Data extract
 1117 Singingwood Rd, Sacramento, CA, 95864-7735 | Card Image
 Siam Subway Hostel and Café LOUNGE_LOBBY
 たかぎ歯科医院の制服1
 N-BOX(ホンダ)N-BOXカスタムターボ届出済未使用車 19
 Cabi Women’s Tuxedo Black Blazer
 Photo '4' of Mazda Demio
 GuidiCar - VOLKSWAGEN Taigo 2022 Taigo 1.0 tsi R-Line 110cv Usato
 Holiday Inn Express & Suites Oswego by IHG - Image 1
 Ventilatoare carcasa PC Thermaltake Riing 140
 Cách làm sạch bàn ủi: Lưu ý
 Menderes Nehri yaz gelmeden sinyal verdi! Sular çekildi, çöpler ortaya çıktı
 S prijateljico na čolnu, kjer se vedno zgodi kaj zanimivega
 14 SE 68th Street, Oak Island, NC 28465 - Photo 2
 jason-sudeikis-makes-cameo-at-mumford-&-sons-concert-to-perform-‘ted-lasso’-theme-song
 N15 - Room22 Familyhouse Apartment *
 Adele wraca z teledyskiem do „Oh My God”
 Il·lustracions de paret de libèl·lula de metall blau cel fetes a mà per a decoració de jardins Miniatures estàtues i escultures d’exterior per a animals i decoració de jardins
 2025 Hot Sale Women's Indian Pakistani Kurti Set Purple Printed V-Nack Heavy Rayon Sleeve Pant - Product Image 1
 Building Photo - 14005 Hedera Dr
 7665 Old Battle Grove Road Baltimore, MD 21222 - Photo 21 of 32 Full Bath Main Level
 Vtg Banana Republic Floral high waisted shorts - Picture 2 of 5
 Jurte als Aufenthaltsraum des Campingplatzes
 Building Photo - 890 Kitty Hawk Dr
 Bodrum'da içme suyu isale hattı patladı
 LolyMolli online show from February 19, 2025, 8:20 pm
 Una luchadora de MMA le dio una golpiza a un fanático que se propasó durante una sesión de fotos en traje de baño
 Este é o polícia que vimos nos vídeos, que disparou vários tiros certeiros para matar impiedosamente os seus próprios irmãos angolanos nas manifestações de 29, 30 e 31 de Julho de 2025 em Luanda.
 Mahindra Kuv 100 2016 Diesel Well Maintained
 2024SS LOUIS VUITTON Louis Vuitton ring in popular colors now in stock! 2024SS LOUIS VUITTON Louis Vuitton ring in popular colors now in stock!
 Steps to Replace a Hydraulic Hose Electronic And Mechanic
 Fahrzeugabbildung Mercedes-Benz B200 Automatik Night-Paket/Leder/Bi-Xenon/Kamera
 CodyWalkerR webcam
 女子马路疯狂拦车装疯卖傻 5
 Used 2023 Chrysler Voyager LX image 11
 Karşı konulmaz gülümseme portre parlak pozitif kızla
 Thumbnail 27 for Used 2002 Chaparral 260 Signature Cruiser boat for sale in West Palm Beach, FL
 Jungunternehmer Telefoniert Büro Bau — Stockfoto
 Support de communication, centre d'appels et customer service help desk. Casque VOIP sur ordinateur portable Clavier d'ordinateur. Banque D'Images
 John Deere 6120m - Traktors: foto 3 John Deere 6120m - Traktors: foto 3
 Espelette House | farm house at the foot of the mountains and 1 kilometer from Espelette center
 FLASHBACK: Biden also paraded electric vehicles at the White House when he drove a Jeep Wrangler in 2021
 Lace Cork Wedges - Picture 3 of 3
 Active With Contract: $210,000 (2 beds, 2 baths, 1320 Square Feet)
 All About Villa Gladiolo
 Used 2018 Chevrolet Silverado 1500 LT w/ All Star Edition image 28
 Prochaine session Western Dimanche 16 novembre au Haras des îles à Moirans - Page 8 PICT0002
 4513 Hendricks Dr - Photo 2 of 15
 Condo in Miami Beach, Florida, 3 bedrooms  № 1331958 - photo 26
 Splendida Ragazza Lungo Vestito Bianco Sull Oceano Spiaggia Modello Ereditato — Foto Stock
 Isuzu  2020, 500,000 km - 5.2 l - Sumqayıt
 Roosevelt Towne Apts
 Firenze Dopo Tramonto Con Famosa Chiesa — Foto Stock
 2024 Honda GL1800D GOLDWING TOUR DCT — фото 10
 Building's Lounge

Work task
Lines of the material that contain the word "Building" are to be gathered.

Exercise solution
 Building Photo - 14005 Hedera Dr
 Building Photo - 890 Kitty Hawk Dr
 Building's Lounge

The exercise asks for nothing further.